§ Data:

+---+

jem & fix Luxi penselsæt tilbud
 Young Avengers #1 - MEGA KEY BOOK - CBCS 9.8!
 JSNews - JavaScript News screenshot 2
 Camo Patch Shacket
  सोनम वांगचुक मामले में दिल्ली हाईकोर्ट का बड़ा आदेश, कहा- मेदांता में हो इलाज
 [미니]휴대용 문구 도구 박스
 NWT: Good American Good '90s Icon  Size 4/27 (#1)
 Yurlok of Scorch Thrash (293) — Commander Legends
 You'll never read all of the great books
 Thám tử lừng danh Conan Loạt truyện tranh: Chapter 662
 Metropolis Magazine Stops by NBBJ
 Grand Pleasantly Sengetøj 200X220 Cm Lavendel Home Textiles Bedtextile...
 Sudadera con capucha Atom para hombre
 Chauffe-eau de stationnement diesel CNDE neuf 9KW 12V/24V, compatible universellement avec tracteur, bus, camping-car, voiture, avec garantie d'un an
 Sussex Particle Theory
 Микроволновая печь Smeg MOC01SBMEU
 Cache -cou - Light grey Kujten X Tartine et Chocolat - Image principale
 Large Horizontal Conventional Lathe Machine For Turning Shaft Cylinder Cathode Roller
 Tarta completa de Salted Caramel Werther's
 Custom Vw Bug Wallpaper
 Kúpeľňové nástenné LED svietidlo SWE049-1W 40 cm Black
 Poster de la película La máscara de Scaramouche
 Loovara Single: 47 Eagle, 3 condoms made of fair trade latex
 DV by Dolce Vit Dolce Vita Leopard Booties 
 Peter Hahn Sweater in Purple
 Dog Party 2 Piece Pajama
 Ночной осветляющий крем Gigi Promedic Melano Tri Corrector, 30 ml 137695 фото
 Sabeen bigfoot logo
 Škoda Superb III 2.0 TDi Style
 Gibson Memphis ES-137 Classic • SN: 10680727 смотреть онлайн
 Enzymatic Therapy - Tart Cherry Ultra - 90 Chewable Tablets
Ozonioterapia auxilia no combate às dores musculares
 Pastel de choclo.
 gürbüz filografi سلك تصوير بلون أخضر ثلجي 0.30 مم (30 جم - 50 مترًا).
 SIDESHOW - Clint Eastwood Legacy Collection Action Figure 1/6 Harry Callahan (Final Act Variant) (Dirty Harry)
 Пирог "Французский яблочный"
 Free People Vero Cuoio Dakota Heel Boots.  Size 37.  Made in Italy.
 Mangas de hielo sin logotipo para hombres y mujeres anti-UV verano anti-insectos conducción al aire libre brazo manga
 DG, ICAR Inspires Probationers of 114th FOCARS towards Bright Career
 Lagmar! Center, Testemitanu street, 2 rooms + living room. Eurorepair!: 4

+---+

§ Requirement:
The lines above that hold "Size" are the result; show every one of them.

§ Answer section:
 NWT: Good American Good '90s Icon  Size 4/27 (#1)
 Free People Vero Cuoio Dakota Heel Boots.  Size 37.  Made in Italy.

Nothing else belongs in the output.